When I read the proofs, I find myself seeing the prose, the characters, and the plot differently than I did in the midst of working on the book. But most of all, reading THE LAST WORD, I was aware of a pace and rythmn to the story that I definitely didn’t feel while I was writing it in bits and pieces, at different times and in different places (L.A., Germany, Palm Springs… and at my desk, on airplanes, in hotel rooms, in waiting rooms, in my car, etc.)

The term "proofs" has a double-meaning to me. Holding the proofs, I have evidence to convince myself that what I wrote is actually a book…it’s the first time the story feels like a book to me instead of work.

Race Track Romance

HelenKay Dimon reports that Harlequin is releasing a line of  NASCAR-themed romance novels in February for women who get hot thinking about race car drivers.

The introductory titles are by Gina Wilkins, Nancy Warren, Debra Webb
and Roxanne St. Clair. The series will consist of four titles every
three months (release dates in February, May, August and November). For
the mathematically challenged – and you know who you are – that’s
sixteen NASCAR titles a year. As I’ve said before, those are likely
sixteen titles per year I won’t read.

Just imagine all the inventive racing metaphors for sex we’re going to see…and clever uses of the words "stick shift."

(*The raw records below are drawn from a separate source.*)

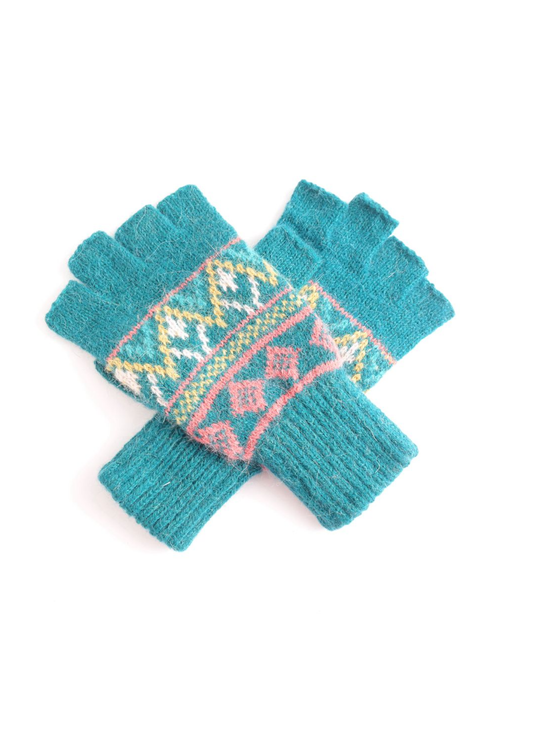The Edit - Teal & Pink Geo Pattern Fingerless Gloves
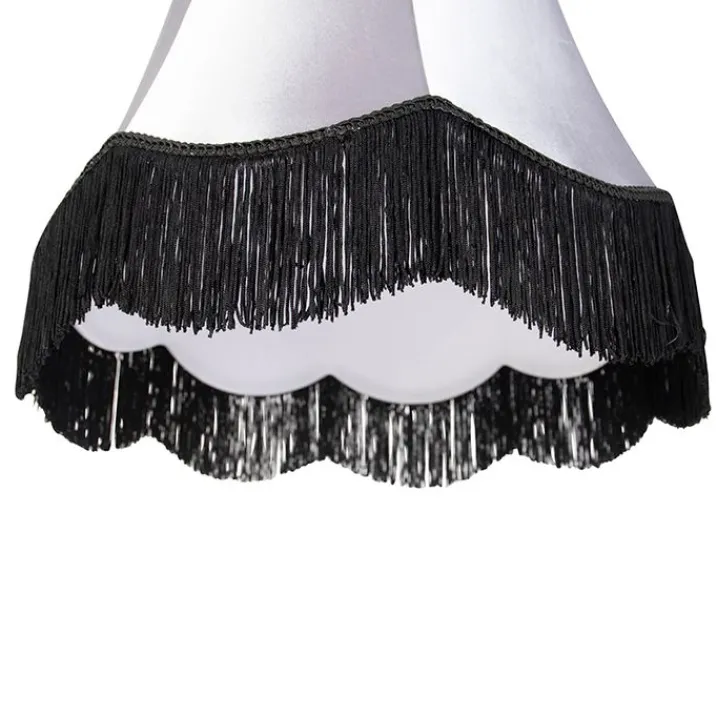 QAZQA Lampenschirme*Seidenlampenschirm schwarz mit grau 45 cm - Granny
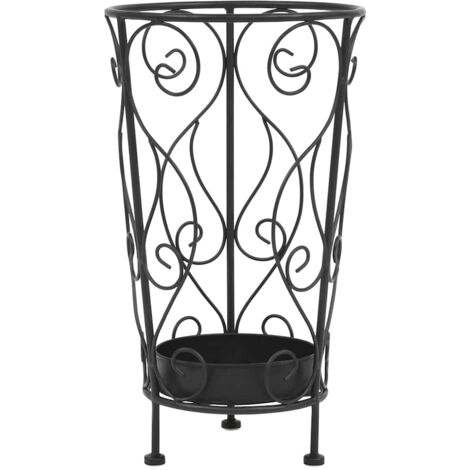 Regenschirmständer Vintage-Stil Metall 26 x 46 cm Schwarz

Forget NASCAR.  I’m waiting for Harlequin to launch the Home & Garden Channel line of romances, where women fall madly in love with hunky guys who never tire of visiting open houses and remodeling homes. My wife will be first in line to buy them.

Ken Levine Is Having Lunch With Everyone

My friend Ken Levine has posted a very funny "hypothetical" rejection letter for a spec 24 script. Among the comments:

When the CTU staff learns that Jack’s daughter Kim has been kidnapped
you have them all cheering. I don’t think they would do that. They
would merely smile knowingly to each other.

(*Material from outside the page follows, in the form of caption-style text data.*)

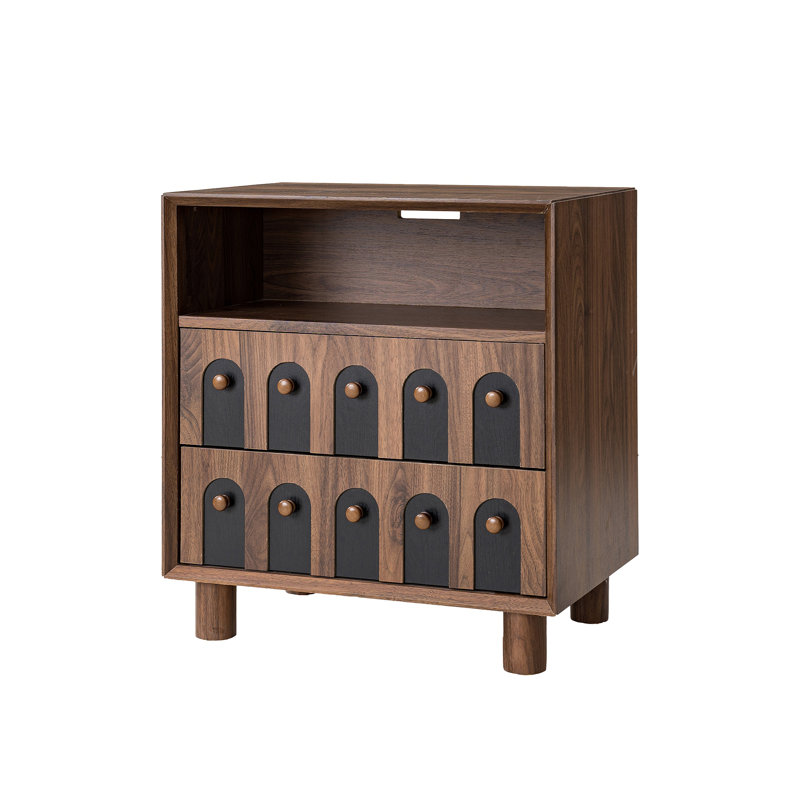 Table de chevet avec 2 tiroirs, petite table d'appoint avec rangement, Seadrifte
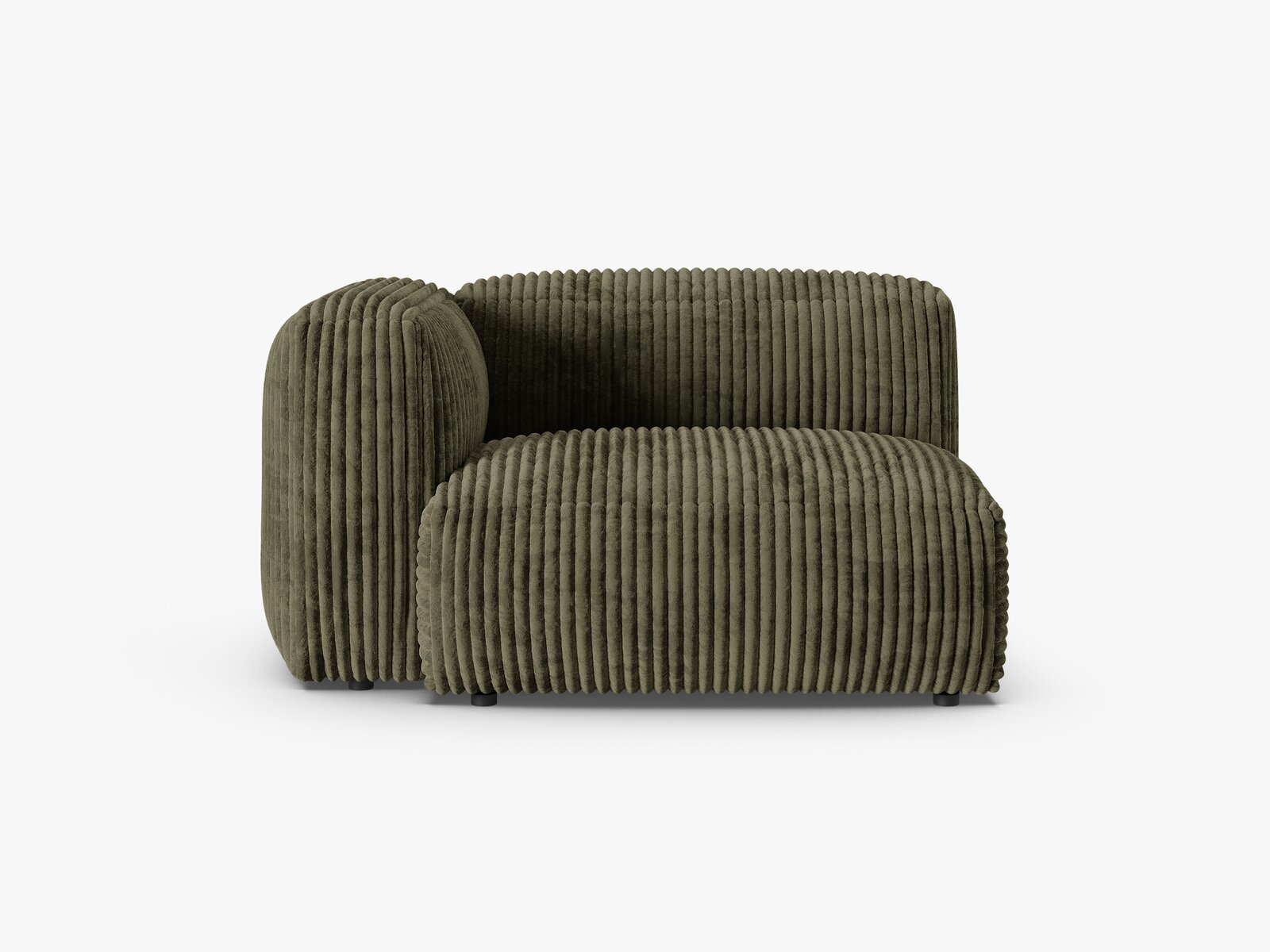 Micadoni Eckmodul mit Armlehne Martina 1-Sitzer 90cm Sitztiefe Links Kord Tilia Moßgrün
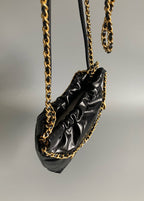 CC 22 Hobo Bag 19cm Black Lambskin Gold Hardware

I had great lunch with Ken last week. We spent three hours sharing anecdotes about TV and blogging. He also had lunch last week with TV critic Alan Sepinwall, who seems to have had as much fun with Ken as I did. You should visit Ken’s blog. It’s just like having lunch with him, only without the food.

Get Off Your Lazy Ass and Write Ten Books This Year

James_reasoner
Some people think Robert B. Parker is prolific. Well, he’s got nothing on James Reasoner, who today finished writing his 200th book:

When I started out in this business, I didn’t know how many books I’d be able to write, of course, let alone how many I
could sell. I thought fifty would be a lot. That goal got revised
upward to 100, then 150. Now I don’t really worry about things like
that anymore. I’m just going to write until I can’t anymore.
[…] I looked back in my records and discovered that it took me seventeen and
a half years to write my first hundred books. The second hundred took
ten and a half years. No wonder it seems like I’ve been busy lately.

And somehow he still found time amidst all that non-stop writing to see movies, eat meals, go to the bathroom, sleep at night, and be a judge for the International Assocation of Media Tie-In Writers‘ first annual Scribe Awards. I wonder what happens to him when he’s around Kryptonite.

I thought writing four books a year was hard (which is why I’m not doing that any more). I didn’t realize I had it easy. James can write that many books in his sleep. Literally.